Arrivée à l'air libre, toute la meute était là, réunie comme un seul homme autour de Sam, leur Alpha. Haletante, Swan fut uniquement capable d'ânonner un faible : « Paul … »
Les yeux jaunes de l'immense loup noir brillèrent de rage et il poussa de son museau, la jeune femme à rentrer dans le rang de sa meute. Un loup de couleur sable identifiable comme étant Seth Clearwater se posta à son côté. Dans son enveloppe de loup au pelage roux, Jacob les rejoignit et se campa devant Isabella, la cachant au regard des autres.
Un hurlement déchirant résonna depuis l'intérieur de la bâtisse. Bella sentit une douleur s'emparer de sa poitrine, tellement violente que des sanglots étaient montés dans sa gorge. L'origine du phénomène tenait dans la nature de son lien avec Lahote. Les imprégnées et leurs loups étaient irrémédiablement liés. L'un ne pouvait se blesser sans que l'autre ne ressente sa douleur. A n'en pas douter, Isabella souffrait pour cette raison. Les autres loups et plus particulièrement ceux qui étaient imprégnés, réagirent et détalèrent à l'intérieur pour porter secours à leur congénère.

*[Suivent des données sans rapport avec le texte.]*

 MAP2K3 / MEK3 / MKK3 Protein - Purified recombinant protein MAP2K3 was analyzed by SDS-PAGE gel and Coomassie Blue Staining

Swan se laissa tomber genoux au sol, la tête entre les mains comme cela pouvait éteindre sa souffrance. Seth et Jacob l'entouraient, frottant leurs têtes poilues contre son cou dans l'espoir d'apaiser sa peine. Après quelques instants, la douleur sembla refluer si bien que Bella se redressa en s'appuyant sur la large échine de Jacob. Un craquement se fit entendre à l'intérieur de la maison et l'humaine s'imagina voir apparaitre un Paul blessé mais souriant.
Rien n'en était.
Edward Cullen apparut sur le seuil, sa chemise immaculée barbouillée de sang. Il arborait son sourire le plus charmeur à l'intention de Bella, à laquelle il ne réussit qu'à donner envie de vomir. La jeune femme se pencha sur le loup sable et chuchota : « Seth, vas voir à l'intérieur si tout le monde va bien … »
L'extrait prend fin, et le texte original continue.